* _DESCRIPTION OF THE TASK_
Each line from the one containing "Панель защитная моторного отсека" to the last line of the listing below is to be duplicated exactly, and no picture is to be carried over.

* _INPUT DATA_
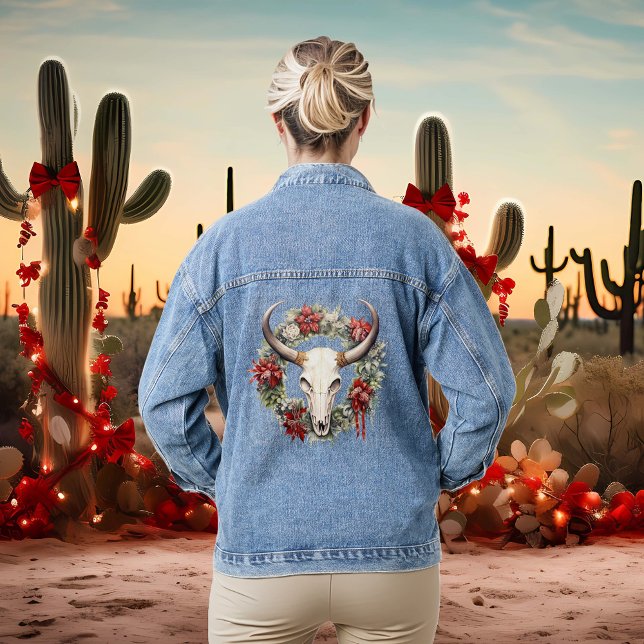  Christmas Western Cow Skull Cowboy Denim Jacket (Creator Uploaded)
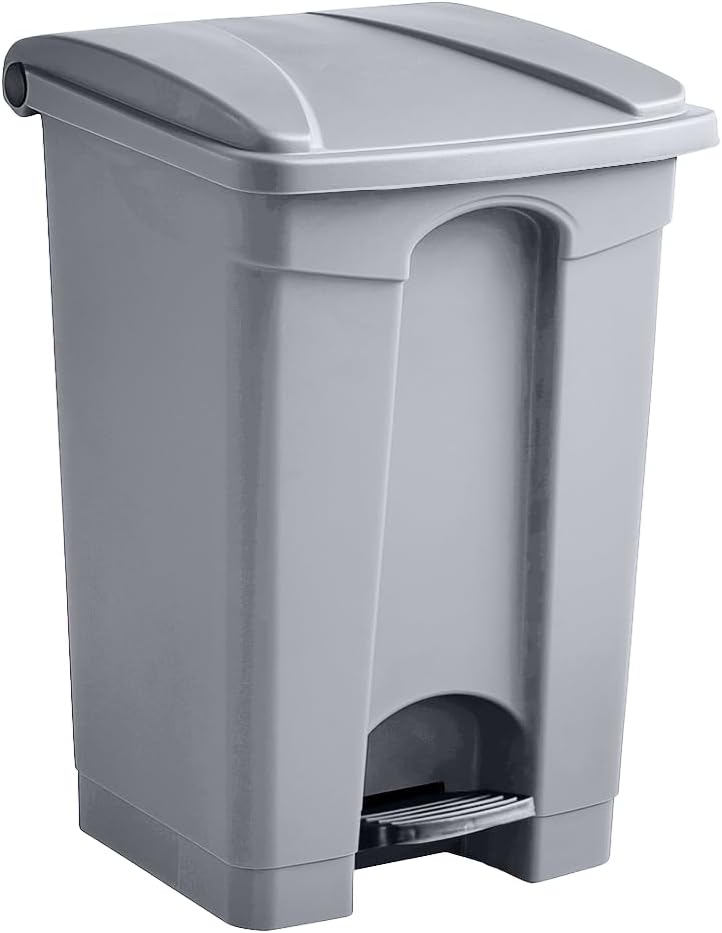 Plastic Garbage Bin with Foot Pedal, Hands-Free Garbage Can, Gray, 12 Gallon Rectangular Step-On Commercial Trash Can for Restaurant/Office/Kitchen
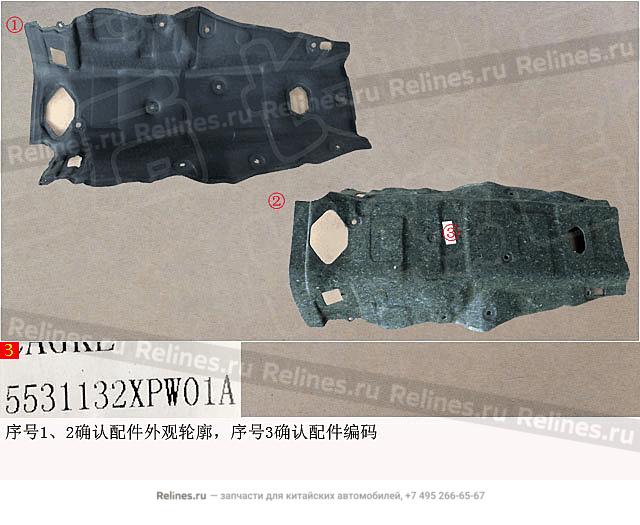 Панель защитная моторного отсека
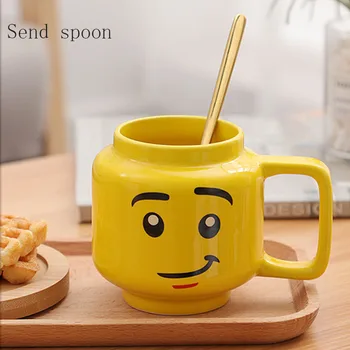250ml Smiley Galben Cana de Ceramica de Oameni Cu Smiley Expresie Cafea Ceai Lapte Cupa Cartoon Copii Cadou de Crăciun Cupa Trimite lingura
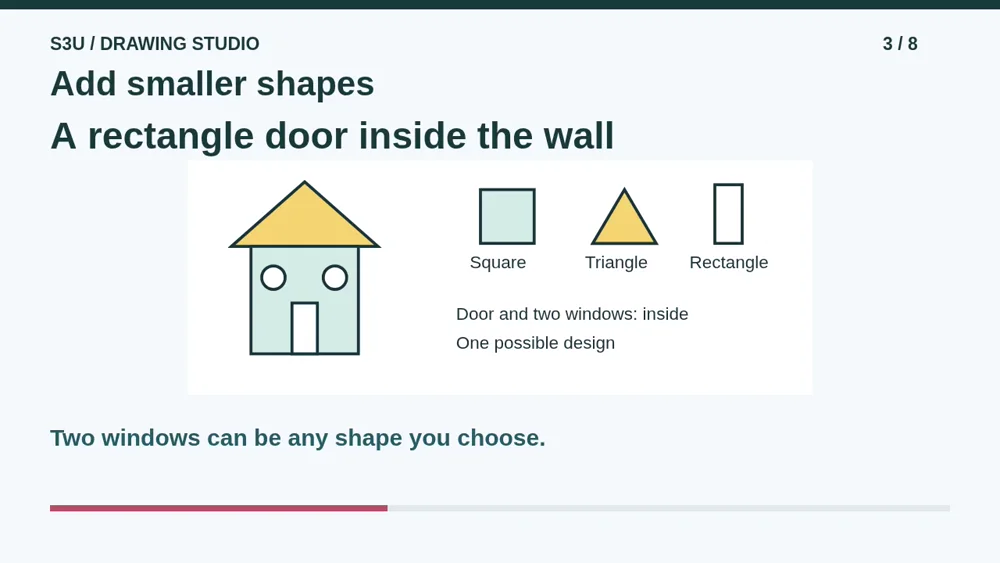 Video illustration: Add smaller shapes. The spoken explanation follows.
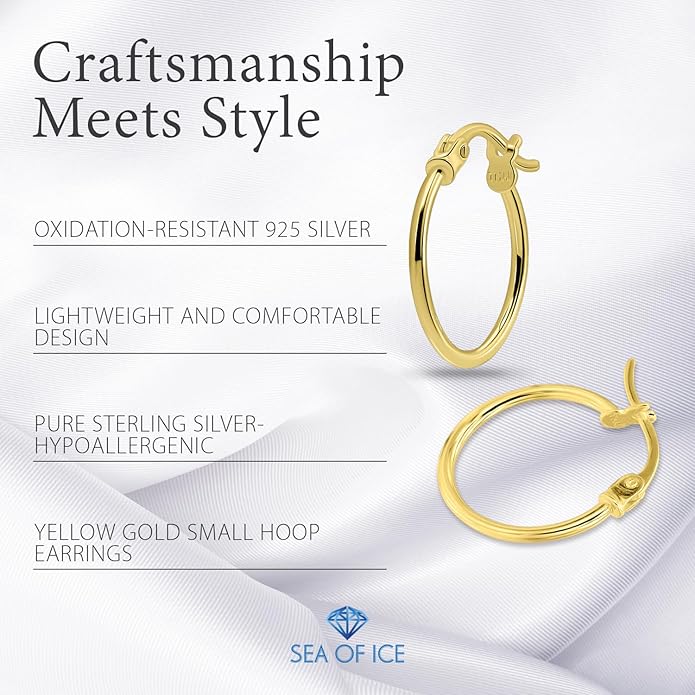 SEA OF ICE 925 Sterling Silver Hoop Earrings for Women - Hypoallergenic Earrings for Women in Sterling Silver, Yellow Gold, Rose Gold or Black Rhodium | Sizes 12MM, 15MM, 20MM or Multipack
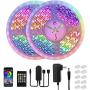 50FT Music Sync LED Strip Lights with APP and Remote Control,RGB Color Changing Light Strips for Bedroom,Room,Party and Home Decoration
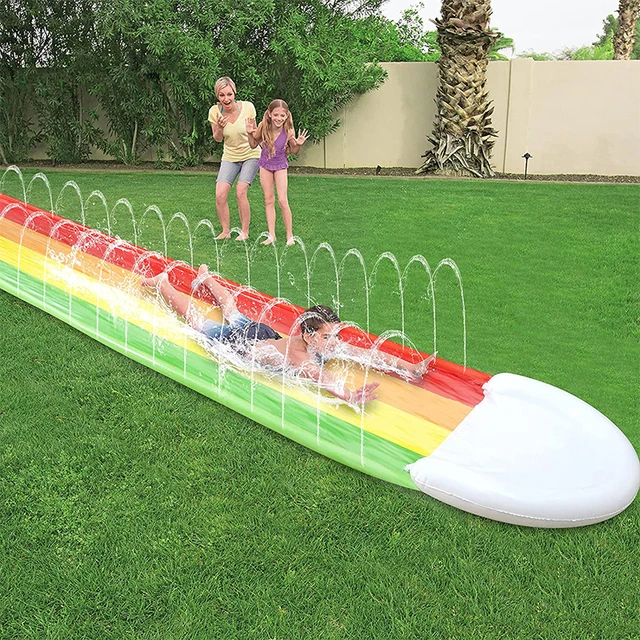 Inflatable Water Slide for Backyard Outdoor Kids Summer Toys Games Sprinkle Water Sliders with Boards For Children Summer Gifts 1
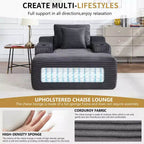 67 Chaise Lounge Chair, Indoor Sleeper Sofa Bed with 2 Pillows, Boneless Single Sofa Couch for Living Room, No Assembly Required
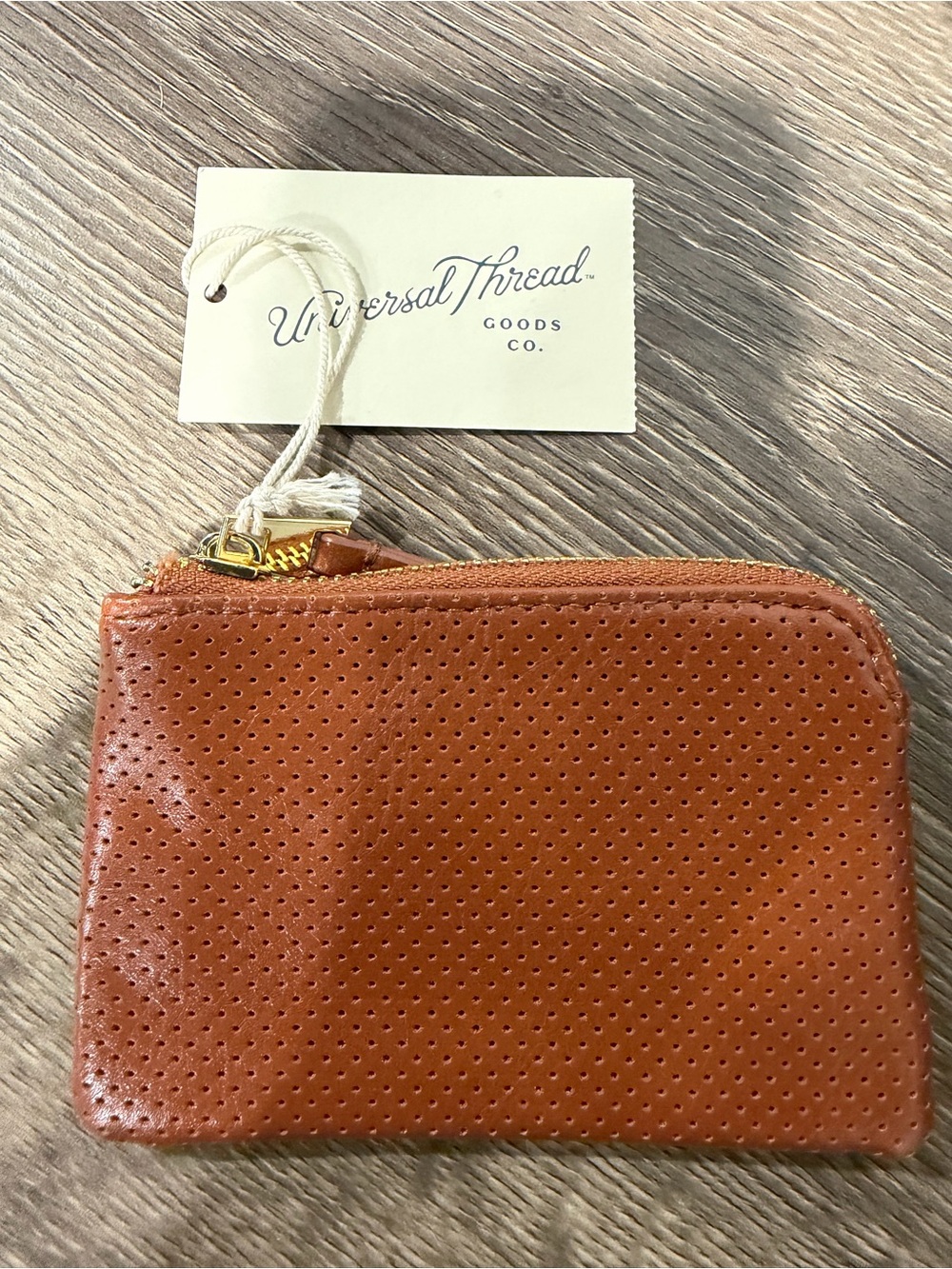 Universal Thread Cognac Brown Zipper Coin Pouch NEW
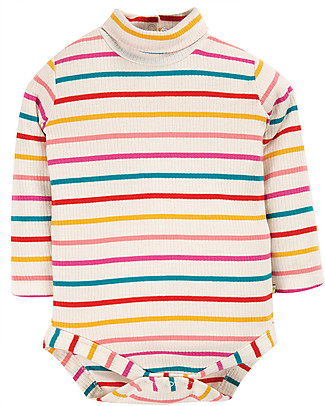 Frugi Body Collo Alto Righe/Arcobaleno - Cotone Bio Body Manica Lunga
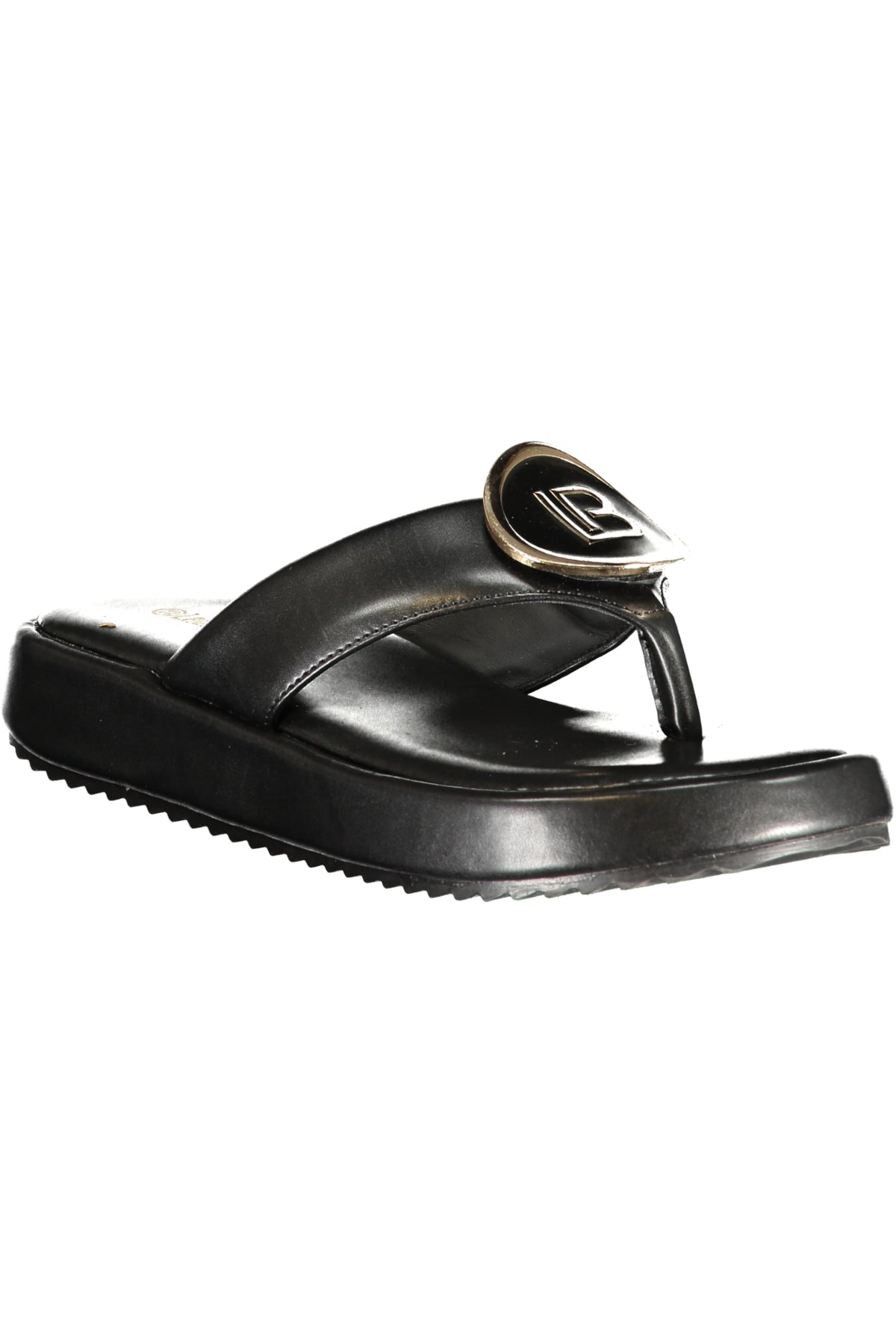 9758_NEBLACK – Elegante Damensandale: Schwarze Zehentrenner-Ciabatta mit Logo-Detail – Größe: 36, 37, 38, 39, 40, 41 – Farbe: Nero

* _RESULT FOR THIS TASK_
 Панель защитная моторного отсека
250ml Smiley Galben Cana de Ceramica de Oameni Cu Smiley Expresie Cafea Ceai Lapte Cupa Cartoon Copii Cadou de Crăciun Cupa Trimite lingura
 Video illustration: Add smaller shapes. The spoken explanation follows.
 SEA OF ICE 925 Sterling Silver Hoop Earrings for Women - Hypoallergenic Earrings for Women in Sterling Silver, Yellow Gold, Rose Gold or Black Rhodium | Sizes 12MM, 15MM, 20MM or Multipack
 50FT Music Sync LED Strip Lights with APP and Remote Control,RGB Color Changing Light Strips for Bedroom,Room,Party and Home Decoration
 Inflatable Water Slide for Backyard Outdoor Kids Summer Toys Games Sprinkle Water Sliders with Boards For Children Summer Gifts 1
 67 Chaise Lounge Chair, Indoor Sleeper Sofa Bed with 2 Pillows, Boneless Single Sofa Couch for Living Room, No Assembly Required
 Universal Thread Cognac Brown Zipper Coin Pouch NEW
 Frugi Body Collo Alto Righe/Arcobaleno - Cotone Bio Body Manica Lunga
 9758_NEBLACK – Elegante Damensandale: Schwarze Zehentrenner-Ciabatta mit Logo-Detail – Größe: 36, 37, 38, 39, 40, 41 – Farbe: Nero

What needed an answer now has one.